23/03/2026 // Le coup (du sort) que j’aurais préféré éviter
Ce blog n’est pas tout à fait celui que j’espérais écrire pour cette fin de saison. Malheureusement, je me suis blessée et ma saison s’est donc terminée un peu plus vite que prévu…
Je me suis blessée en descente à Megève (France) début mars. Je ne suis même pas tombée : il a suffi d’un atterrissage très dur après un saut pour que mon genou prenne un gros coup et que je me fracture le cartilage.

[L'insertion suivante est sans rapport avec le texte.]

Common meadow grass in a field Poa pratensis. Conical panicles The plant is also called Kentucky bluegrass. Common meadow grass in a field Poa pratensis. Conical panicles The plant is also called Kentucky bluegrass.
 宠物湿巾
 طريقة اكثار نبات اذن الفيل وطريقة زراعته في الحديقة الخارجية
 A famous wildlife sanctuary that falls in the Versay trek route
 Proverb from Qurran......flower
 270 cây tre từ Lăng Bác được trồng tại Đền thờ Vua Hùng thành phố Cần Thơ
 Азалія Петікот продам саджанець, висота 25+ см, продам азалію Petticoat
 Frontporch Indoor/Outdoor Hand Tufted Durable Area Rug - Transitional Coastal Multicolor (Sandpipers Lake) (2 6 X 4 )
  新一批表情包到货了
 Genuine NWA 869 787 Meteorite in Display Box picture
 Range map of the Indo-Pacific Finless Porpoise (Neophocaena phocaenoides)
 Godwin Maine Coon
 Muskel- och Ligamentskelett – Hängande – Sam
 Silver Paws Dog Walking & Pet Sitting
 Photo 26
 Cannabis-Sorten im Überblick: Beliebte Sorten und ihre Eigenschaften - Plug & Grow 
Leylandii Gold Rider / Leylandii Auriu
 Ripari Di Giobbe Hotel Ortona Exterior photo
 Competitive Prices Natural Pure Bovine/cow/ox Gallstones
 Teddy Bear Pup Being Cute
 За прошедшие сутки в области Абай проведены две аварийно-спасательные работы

J’ai directement senti la douleur, mais j’ai continué la course. Après le saut, j’ai réfléchi à ce qui me restait à faire sur la jambe droite, parce que j’avais quand même bien mal et je ne savais pas trop si je voulais m’arrêter ou non. Il me restait « seulement » deux virages un peu compliqués sur cet appui, donc je me suis dit que j’allais y arriver et que je n’allais pas m’arrêter sur le plat. Une fois à l’arrivée, j’avais quand même très mal. En plus, la course a été plusieurs fois interrompue à cause de chutes et elle a même été annulée après le dossard 13. À ce moment-là, j’étais en tête, donc cette décision n’a pas été facile à accepter. Non seulement j’avais serré les dents pour finir la course, mais en plus, malgré cela, elle a finalement été annulée…
Pour le lendemain, ils ont alors décidé de faire l’épreuve en deux manches et de partir plus bas pour éviter les chutes. Mais c’est à ce moment-là que j’ai commencé à me poser des questions : comment suis-je censée faire deux manches demain alors que j’ai si mal ce soir ? J’étais dans l’inconnue, mais j’ai tout essayé pour me réveiller en allant mieux. Physio, antidouleurs, étirements… vraiment tout. Le lendemain, j’ai fait une piste en libre, mais c’était impossible de skier, je n’ai donc pas pris le départ. C’est le moral dans les chaussettes que je suis repartie de Megève.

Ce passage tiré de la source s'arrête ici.